Here in the U.S. we tend to think of ahousing bubble as something new. However, it is clear from S&P Case-Shiller data that home prices in Los Angeles rose 69% between Jan. 1987 and Jan. 1990, then they proceded to drop 27% over the next 6 years. It is also insightful to look at the experience that other countries have had with land use planning.
According to Vincent Benard at Objectif Liberte, England passed a "Town and Country Act" in 1949, and then expanded it in 1965. This was a series of laws to "protect" English cities from bad development by creating review committees. Since that time, it has been much more difficult to build new homes. My theories on home prices and supply restrictions predict that this will cause abnormal growth in home prices, followed by speculation (a.k.a. extrapolation), then a bust. Did this happen?

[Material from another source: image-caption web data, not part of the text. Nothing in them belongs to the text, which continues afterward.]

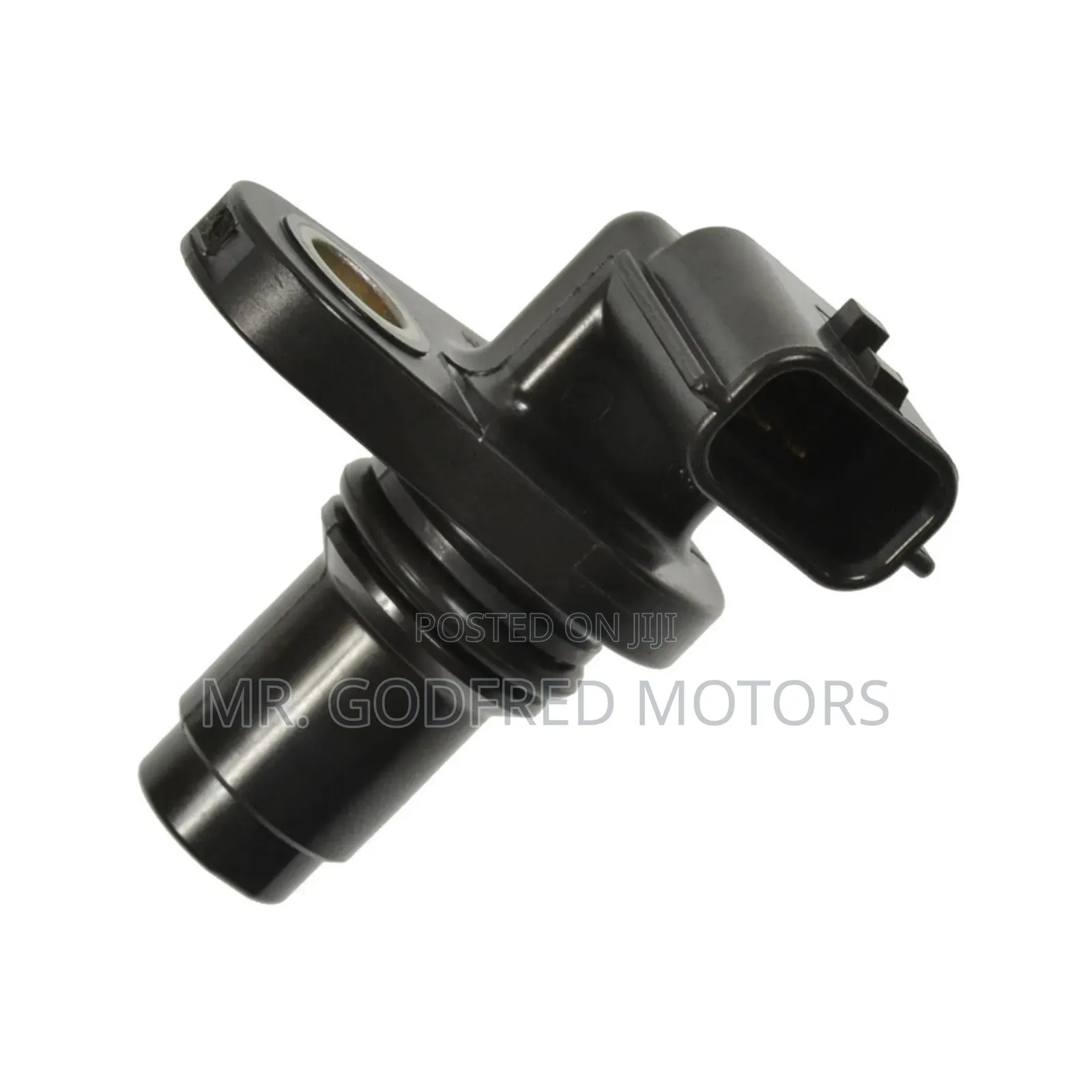 Infinite Qx80 2013-16 Camshaft Position Sensor. Original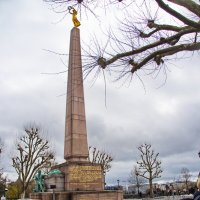 *** :: Witalij Löwin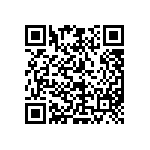 MS27468T21F75S_25A QRCode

Let me define abnormal growth in home prices as being a point in time where home prices grow significantly above income growth. We saw this ratio of home price/income grow from a traditional multiple of 3 up above 10 in our bubble.
The chart below reveals that this is not the first home price bubble in England, but the 4th gyration. (HT: Objectif Liberte)
This notion is reiterated by this graph of real home prices (I assume this means inflation adjusted).
I have said before that I think the housing bubble will repeat itself. Looks like England proves this all too true.